- _Task instructions_: From the entries below, output the line with "A two-story brick" and each following line up to and including the line with "Aerial view of", exactly as written.

- _Source data_:

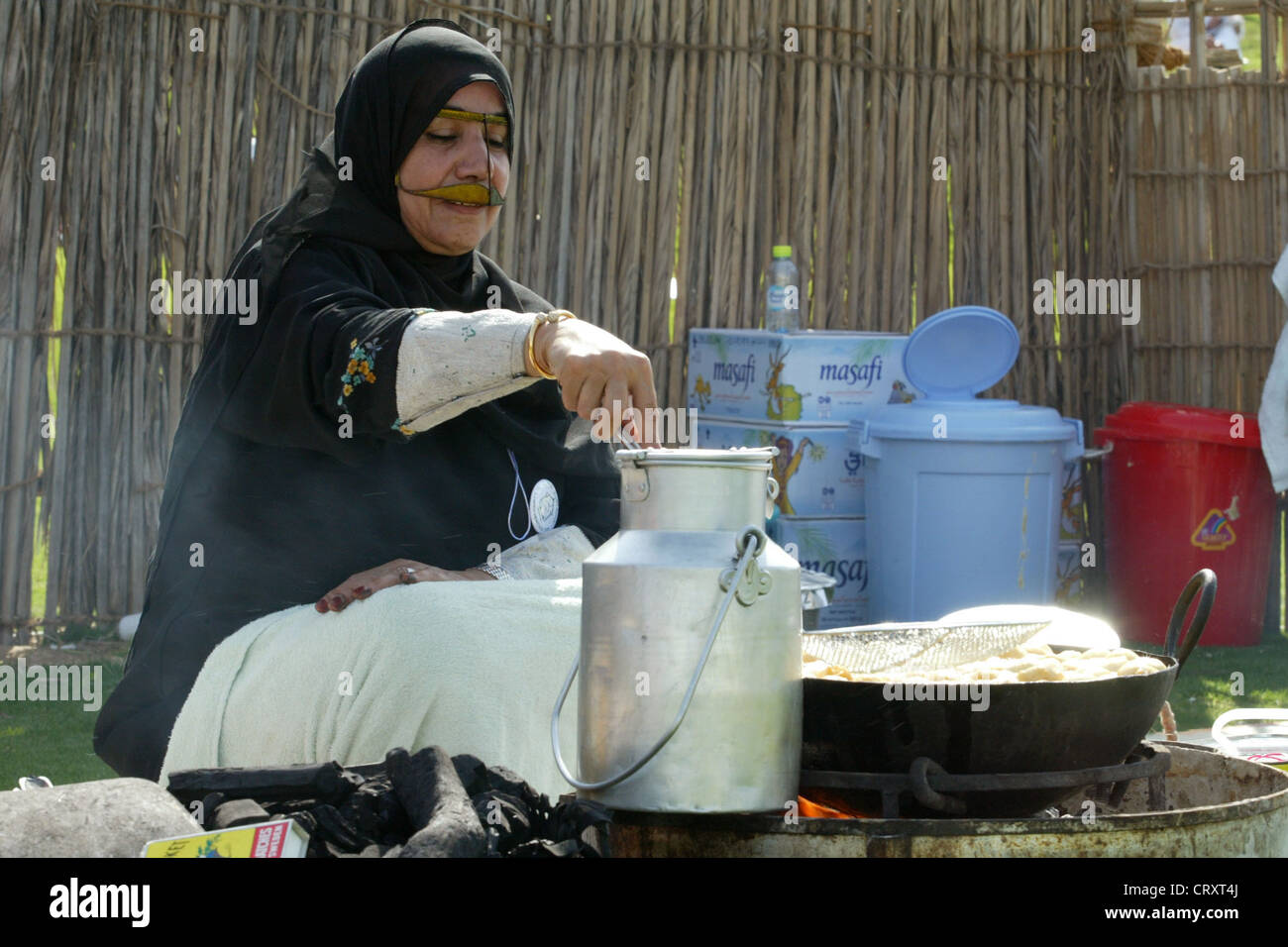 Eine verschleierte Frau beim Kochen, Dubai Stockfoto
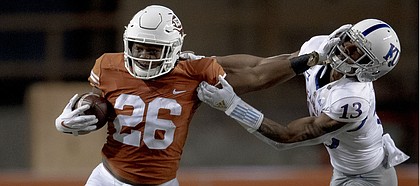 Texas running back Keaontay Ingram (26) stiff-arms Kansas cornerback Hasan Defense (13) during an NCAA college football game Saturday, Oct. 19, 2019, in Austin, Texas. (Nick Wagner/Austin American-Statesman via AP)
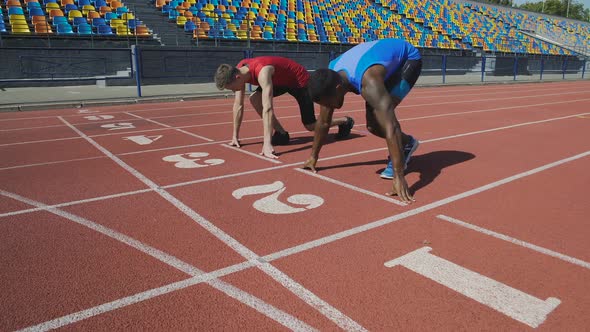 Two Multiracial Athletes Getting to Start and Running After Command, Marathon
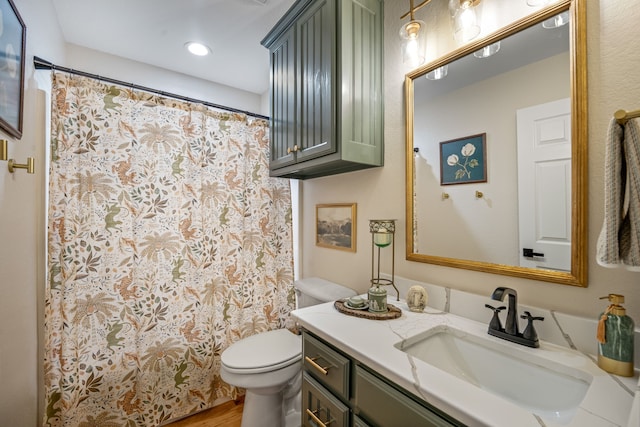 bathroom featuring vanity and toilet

---

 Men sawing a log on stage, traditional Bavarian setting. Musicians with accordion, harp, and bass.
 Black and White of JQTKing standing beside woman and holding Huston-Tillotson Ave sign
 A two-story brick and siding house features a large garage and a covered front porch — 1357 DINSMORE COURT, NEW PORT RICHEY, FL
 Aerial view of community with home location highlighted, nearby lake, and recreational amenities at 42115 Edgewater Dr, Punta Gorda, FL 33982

- _The completed task_:
 A two-story brick and siding house features a large garage and a covered front porch — 1357 DINSMORE COURT, NEW PORT RICHEY, FL
 Aerial view of community with home location highlighted, nearby lake, and recreational amenities at 42115 Edgewater Dr, Punta Gorda, FL 33982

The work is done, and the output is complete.